Monday, June 27, 2011

Another Response to Jill's Comment (guest post from Anne)

Dear Jill,

I took a class in graduate school called “Internet Communities.” In this class, we examined how the Internet had the ability to form communities regardless of geographical difficulties. My own research in this class examined Fantasy Football leagues. The small sample I researched suggested to me that Fantasy Football leagues did not form true communities.
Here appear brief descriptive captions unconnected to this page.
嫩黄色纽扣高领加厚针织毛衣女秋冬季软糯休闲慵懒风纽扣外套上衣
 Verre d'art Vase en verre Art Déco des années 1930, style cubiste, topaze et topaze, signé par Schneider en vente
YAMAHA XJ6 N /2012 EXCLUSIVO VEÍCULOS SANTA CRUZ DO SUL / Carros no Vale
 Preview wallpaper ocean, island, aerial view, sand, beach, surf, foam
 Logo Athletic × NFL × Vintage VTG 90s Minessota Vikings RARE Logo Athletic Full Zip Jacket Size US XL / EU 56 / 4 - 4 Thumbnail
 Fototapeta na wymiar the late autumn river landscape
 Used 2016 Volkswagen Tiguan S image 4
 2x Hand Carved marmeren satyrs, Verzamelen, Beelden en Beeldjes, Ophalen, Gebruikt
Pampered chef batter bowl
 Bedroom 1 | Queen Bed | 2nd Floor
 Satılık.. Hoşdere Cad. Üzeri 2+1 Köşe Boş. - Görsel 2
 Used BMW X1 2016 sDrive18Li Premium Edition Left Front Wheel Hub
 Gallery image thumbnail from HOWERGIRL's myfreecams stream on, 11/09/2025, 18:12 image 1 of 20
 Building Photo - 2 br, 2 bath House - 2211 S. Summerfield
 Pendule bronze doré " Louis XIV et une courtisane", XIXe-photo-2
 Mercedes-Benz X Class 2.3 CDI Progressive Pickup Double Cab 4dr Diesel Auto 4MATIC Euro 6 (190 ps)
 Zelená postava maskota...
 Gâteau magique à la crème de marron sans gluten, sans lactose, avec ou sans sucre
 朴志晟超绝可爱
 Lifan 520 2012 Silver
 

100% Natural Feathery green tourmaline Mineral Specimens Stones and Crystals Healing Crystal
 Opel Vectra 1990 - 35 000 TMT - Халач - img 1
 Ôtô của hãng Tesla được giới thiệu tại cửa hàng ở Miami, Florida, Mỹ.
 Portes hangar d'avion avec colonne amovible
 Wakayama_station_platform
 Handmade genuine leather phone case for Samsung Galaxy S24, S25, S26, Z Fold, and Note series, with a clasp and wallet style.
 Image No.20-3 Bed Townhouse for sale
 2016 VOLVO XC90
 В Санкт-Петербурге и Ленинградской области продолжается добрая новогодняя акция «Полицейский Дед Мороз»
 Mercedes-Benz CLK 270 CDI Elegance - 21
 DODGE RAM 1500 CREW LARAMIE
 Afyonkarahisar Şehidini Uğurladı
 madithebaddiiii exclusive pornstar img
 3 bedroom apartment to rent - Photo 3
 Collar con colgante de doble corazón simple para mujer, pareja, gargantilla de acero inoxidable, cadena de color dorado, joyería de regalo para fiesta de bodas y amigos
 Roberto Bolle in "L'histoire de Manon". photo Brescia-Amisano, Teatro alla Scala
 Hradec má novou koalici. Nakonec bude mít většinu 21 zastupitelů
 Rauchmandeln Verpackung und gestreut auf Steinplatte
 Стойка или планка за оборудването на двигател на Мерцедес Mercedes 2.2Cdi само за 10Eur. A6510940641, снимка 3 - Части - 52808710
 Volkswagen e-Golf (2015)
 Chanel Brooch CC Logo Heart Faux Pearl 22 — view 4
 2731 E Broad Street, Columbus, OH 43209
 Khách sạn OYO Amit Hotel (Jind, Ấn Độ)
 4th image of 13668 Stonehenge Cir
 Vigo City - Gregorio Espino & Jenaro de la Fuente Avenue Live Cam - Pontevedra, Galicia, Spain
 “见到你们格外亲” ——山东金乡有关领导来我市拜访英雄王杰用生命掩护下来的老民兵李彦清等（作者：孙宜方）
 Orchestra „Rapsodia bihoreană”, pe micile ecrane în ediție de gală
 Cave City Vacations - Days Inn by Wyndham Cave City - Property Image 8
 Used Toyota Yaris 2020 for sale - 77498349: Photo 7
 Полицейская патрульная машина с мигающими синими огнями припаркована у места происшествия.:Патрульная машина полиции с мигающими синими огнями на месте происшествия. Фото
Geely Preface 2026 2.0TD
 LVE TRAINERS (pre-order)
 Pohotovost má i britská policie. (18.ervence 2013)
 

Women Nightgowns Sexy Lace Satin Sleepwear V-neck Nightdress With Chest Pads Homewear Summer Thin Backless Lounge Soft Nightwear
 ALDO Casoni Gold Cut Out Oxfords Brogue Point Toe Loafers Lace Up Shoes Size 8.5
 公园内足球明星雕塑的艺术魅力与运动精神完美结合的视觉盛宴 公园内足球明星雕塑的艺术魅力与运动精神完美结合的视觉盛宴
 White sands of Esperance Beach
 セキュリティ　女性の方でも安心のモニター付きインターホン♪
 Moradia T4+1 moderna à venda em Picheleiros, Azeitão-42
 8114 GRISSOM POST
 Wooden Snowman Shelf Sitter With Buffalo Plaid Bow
However, some of my peers found that certain online forums actually form true communities. Dieting websites, where people share struggles of healthy living, are often communities. People on these sites form true friendships, albeit via a virtual medium. My mom is a member of a Cricut forum, where she has formed online friendships with women who share a common bond of crafting. A blog I read daily, Feminist Mormon Housewives, is also a community of more liberal-minded LDS men and women (and many non-LDS men and women) who wrestle with reconciling personal opinion with the Gospel of Jesus Christ. They share an interest in the LDS faith and in what it means to be Christian. Often, members of this online community actually meet in real life for “snackers,” where faces and names are put together, and friendships are made stronger. It is a community, a place where people of like mind (and sometimes unlike mind) can gather and share and cry and lament yet also find joy and solidarity and resilience.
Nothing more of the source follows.